What is required: The range runs from the line containing "Ireland Baldwin feet photo thumbnail" through the last line of the material below; retype it exactly, leaving out the pictures.

Given information:

*** Begin section ***

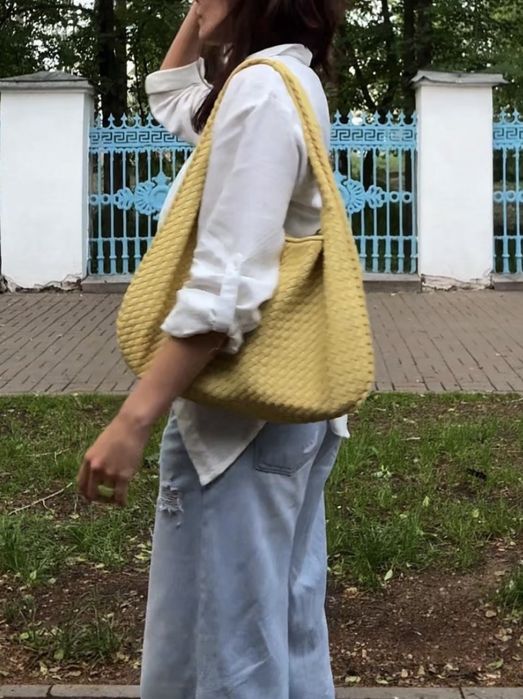 Плетеная желтая сумка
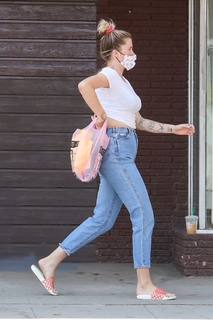 Ireland Baldwin feet photo thumbnail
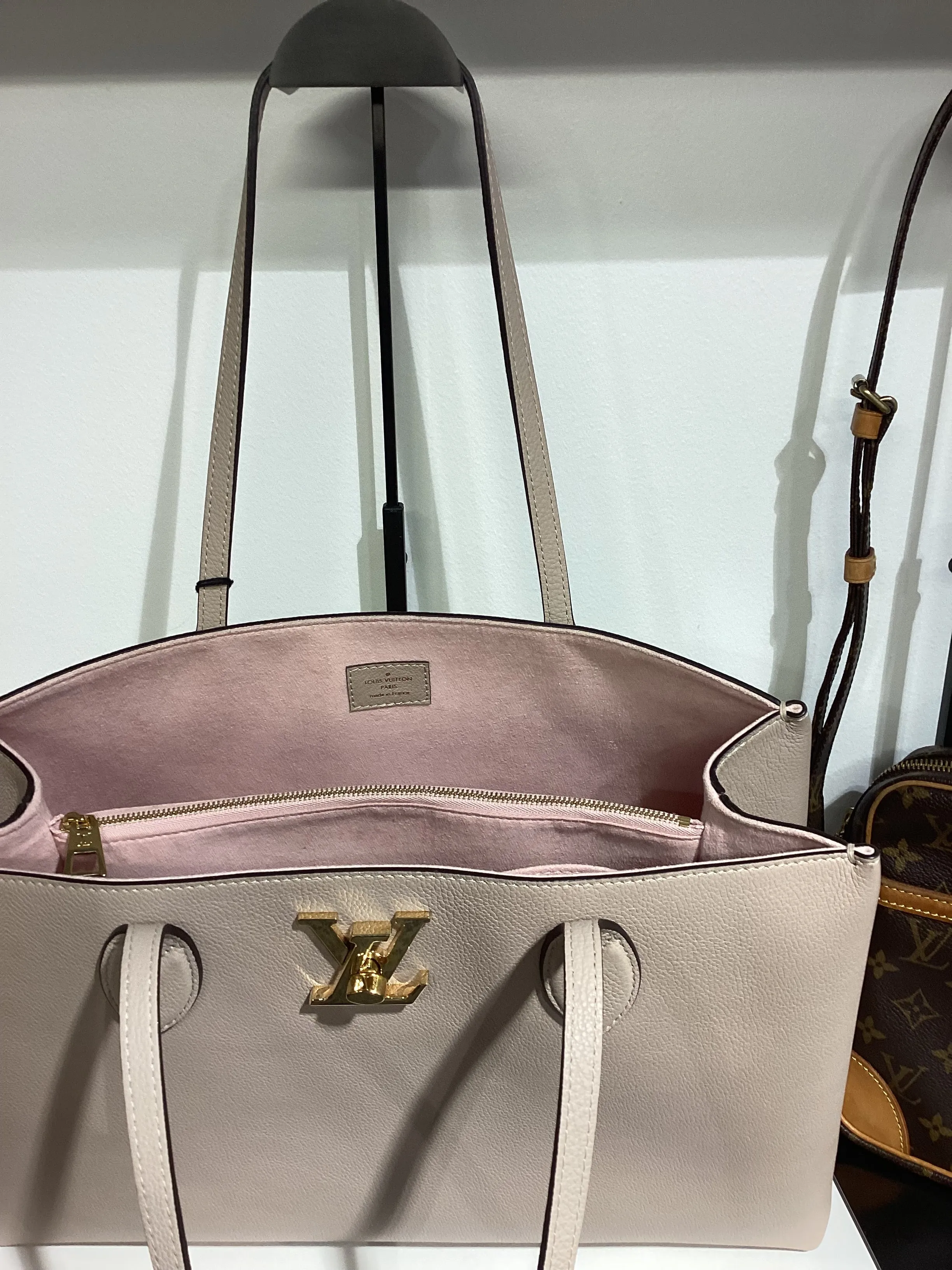 Beige Bag-Customer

*** End section ***

Answer for the task:
 Ireland Baldwin feet photo thumbnail
 Beige Bag-Customer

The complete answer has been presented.